Als Herausforderung der etwas anderen Art gestaltete sich zum Funkensonntag 2020. Zu dieser Zeit waren die Straßen wie leergefegt: Keine Konzerte, keine Ausstellungen, keine Restaurantbesuche. Ein Virus und Maßnahmen zu dessen Eindämmung legten den alltäglichen Trubel der Welt nahezu still und machten selbst vor dem beschaulichen Appenzell nicht Halt. Am 18. März verkündete die Standeskommission, es dürften keine weiteren Funken mehr aufgestellt werden. Bereits stehende Funken mussten jedoch am traditionellen Funkensonntag abgebrannt werden. Hierbei durften maximal fünf Personen anwesend sein. Jegliche Art von Zusammenkünften und Feiern waren untersagt. Der Funkensonntag aber solle für dieses Jahr eine ganz neue Bedeutung erhalten. Die Funken seien ein Mahnfeuer an die Solidarität der Kantonseinwohner, besonders gegenüber der Alten und Kranken. In einer Medienmitteilung der Standeskommission hieß es hierzu: «Die Funken strahlen einen Dank aus an alle, die sich zum Wohl der Volksgesundheit und der Zusammengehörigkeit einsetzen. Sie sind ein weithin sichtbares Zeichen des Mutes und der Hoffnung. Beides ist zur gemeinsamen Bewältigung dieser ausserordentlichen Lage unentbehrlich.»

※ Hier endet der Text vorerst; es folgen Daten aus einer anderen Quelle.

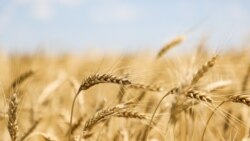 Բացի կարկտահարված Անիի տարածաշրջանից, Շիրակի մարզի մյուս հատվածներում հացահատիկի առատ բերքի հույս ունեն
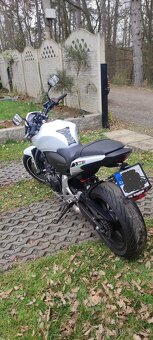 Honda Hornet CB600F - 6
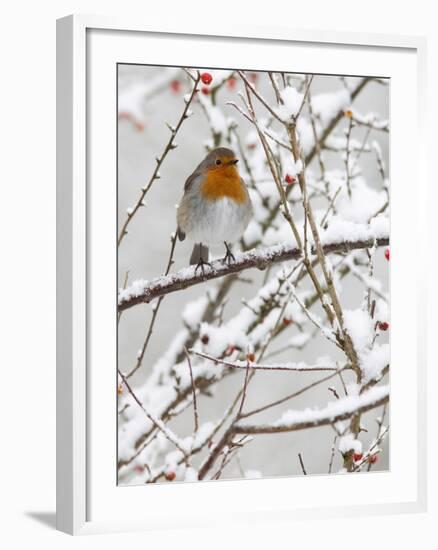 Robin (Erithacus Rubecula), With Berries in Snow, Uk-Ann & Steve Toon-Framed Photographic Print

Ganz ohne die Funken geht es in Appenzell Innerrhoden eben doch nicht. Vielerorts, wie zum Beispiel im Kantonshauptort Appenzell, wurde im «Virenschutz» der eigenen vier Wände das Abbrennen des Funken per Liveübertragung im TV verfolgt. Seit 2022 finden die Feierlichkeiten wieder mit allem, was dazugehört, statt – mit Freude, gutem Appenzeller Essen, tobenden (und rauchenden) Kindern und vor allem miteinander.